I think Act.2:39 provides a helpful rephrasing of the former promise:
"For the promise is unto you, and to your children... even *as many as* the Lord our God shall call."

The implicit condition in the divine promise found in either Gen.17 or Act.2 is faith--faith for the immediate hearer, or for his children.

Compare with Rom.9:6, "But it is not as though the word of God has failed. For not all who are descended from Israel belong to Israel." The promise is to be God to you (believer, parent) and to your children _who believe,_ who are called to faith. And its plain enough that not all the physical descendants of Israel actually belong (in the full and meaningful sense) to Israel. The same was affirmed earlier, Rom 2:28-29, "For no one is a Jew who is merely one outwardly, nor is circumcision outward and physical. But a Jew is one inwardly, and circumcision is a matter of the heart, by the Spirit, not by the letter. His praise is not from man but from God."

So, the one who declares that the promise of God has no condition (of faith), or has any other condition (than faith), does not read the promise aright. Nor should we say that faith once was present in the apostate, and likewise the saving benefits of union with Christ; and after apostasy those gifts have been rescinded. Rom.11:29, "For the gifts and calling of God are _without repentance._"

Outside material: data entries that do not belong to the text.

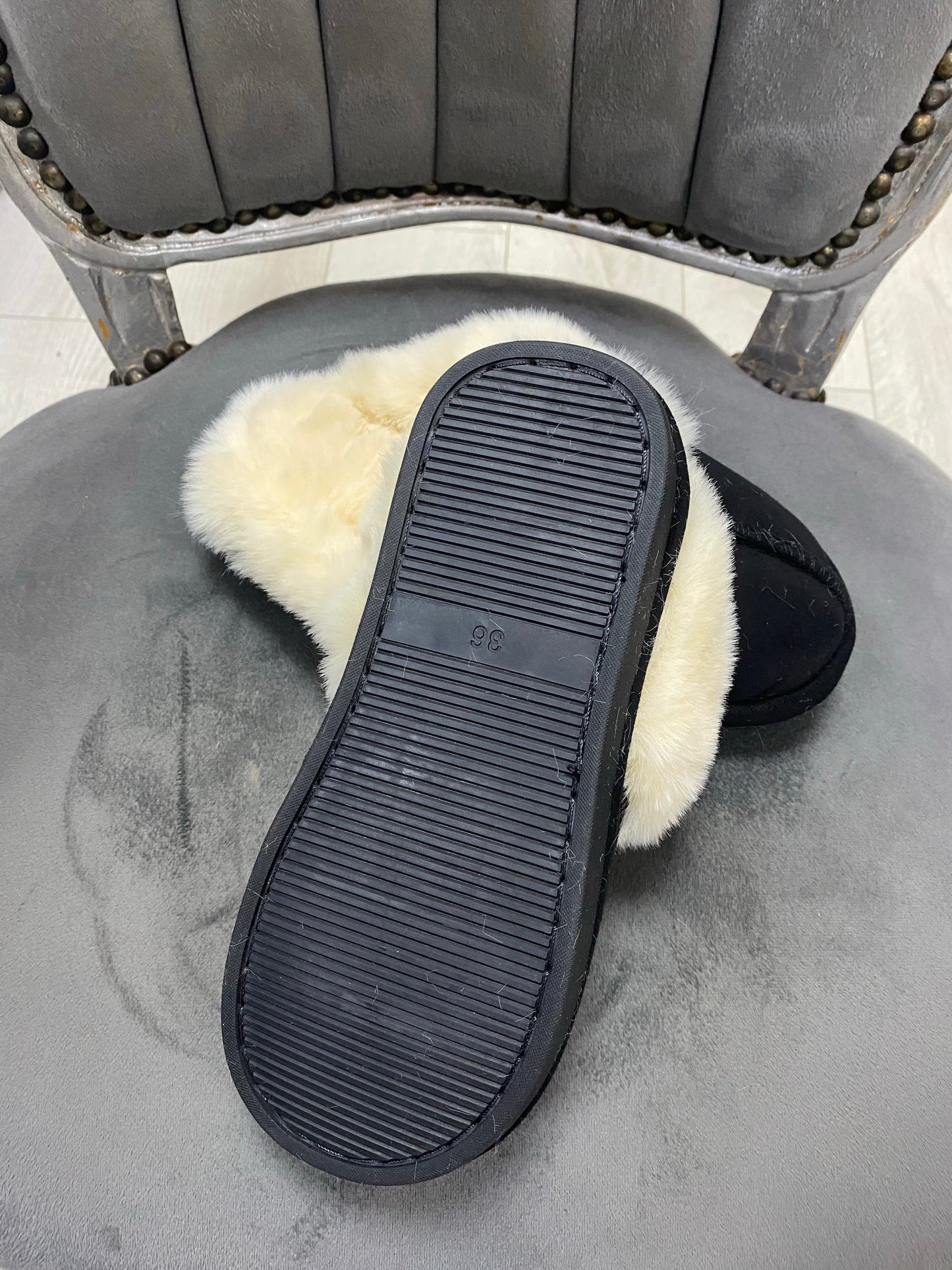 Black faux suede faux fur slippers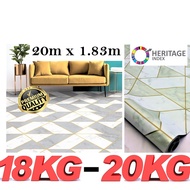 Tikar Getah 20m x 1.83m (6 kaki) Tebal 0.4mm PVC Vinyl Carpet Flooring Rug Mat Canopy Karpet Velvet Toto Khemah Kanopi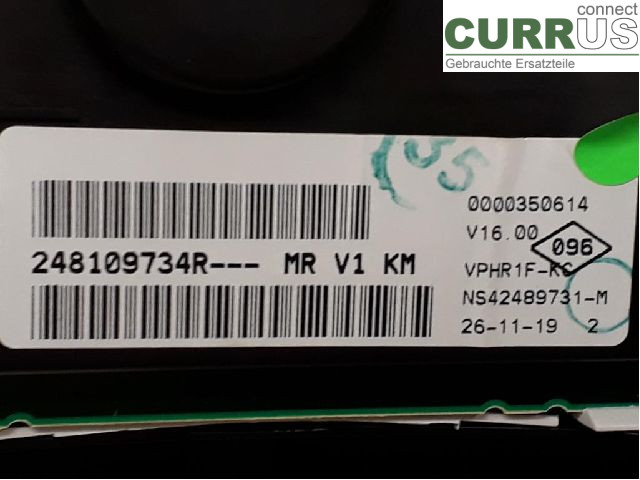 DACIA DOKKER Instrument cluster / comb 248109734R K9K-872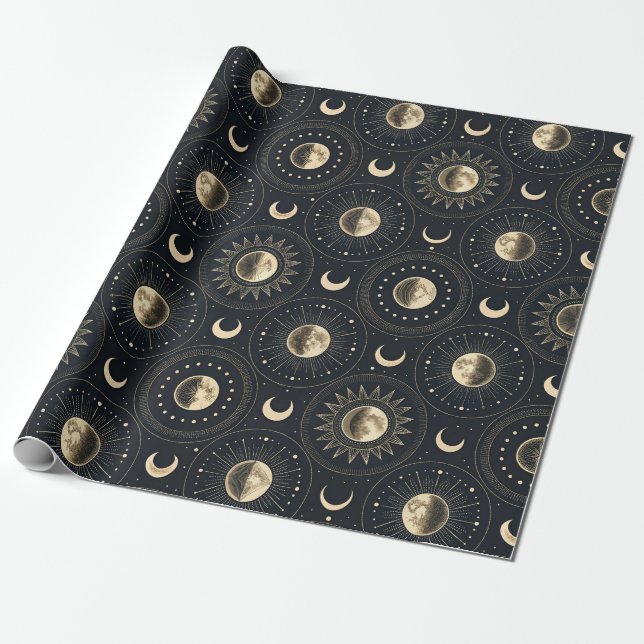 Celestial Moon Phase (4) Wrapping Paper (Unrolled)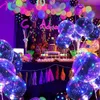 Decorazioni natalizie 10 pezzi LED palloncini luminosi Bobo con corda luminosa Palloncino trasparente Decorazioni per festival Compleanno Forniture per feste di matrimonio Baby Shower 231120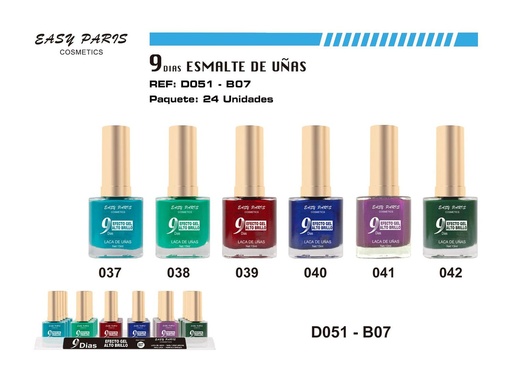 [D051-B07] Esmalte de uñas 9 días 24/u para manicura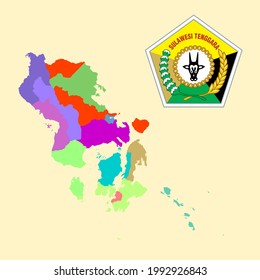 
Colored Map and Logo of Sulawesi Tenggara (Southeast Sulawesi)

Still, God is the God of the covenant; and that covenant has a visible aspect. And so, the church of all ages may be said to possess "their" covenant God. Indeed, the prophets' angry denunciations of the "unchaste," unfaithful nation wouldn't make much sense if the people as a whole (regardless of their heart-commitment) were not in some sense covenanted. The promise implies that God will also offer himself to the posterity of his covenanters, and they also are considered members of this covenant even then in the original expression. So then, those who have entered into this covenant by birth, later find themselves in the position of their own parents (at one time), who once received the promise for them, and which same now receive the promise for their own children. Nevertheless, it is only faith that makes these religious habits worthy.


----------



## Hebrew Student (Nov 12, 2011)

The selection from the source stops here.